§ DIRECTIONS FOR THIS TASK: Would you output the entries below only from the line containing "Eco Reusable Jumbo" through the line containing "(Ảnh thật tự", exactly as they stand and with both ends included?
···
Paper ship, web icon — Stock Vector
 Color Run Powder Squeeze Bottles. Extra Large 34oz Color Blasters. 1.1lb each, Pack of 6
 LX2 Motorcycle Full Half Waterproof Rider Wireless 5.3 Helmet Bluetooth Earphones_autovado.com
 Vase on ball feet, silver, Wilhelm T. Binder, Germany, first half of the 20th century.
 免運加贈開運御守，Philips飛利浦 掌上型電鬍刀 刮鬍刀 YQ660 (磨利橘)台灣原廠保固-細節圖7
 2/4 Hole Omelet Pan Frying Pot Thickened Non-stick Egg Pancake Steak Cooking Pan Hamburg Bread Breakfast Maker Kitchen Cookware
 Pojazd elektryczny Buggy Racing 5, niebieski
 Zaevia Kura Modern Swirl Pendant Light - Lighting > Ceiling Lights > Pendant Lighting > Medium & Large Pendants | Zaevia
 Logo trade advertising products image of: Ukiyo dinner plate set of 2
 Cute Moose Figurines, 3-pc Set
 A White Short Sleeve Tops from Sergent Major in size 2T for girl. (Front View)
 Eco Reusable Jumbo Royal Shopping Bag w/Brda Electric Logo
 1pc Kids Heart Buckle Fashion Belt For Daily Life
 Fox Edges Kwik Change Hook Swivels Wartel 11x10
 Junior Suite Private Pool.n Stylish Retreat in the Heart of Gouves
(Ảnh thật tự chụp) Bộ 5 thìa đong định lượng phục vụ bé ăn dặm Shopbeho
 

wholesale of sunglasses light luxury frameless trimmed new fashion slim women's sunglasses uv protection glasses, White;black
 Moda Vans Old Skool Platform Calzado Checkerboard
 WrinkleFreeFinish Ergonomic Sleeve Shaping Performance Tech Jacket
···
§ TASK RESULT:
 Eco Reusable Jumbo Royal Shopping Bag w/Brda Electric Logo
 1pc Kids Heart Buckle Fashion Belt For Daily Life
 Fox Edges Kwik Change Hook Swivels Wartel 11x10
 Junior Suite Private Pool.n Stylish Retreat in the Heart of Gouves
(Ảnh thật tự chụp) Bộ 5 thìa đong định lượng phục vụ bé ăn dặm Shopbeho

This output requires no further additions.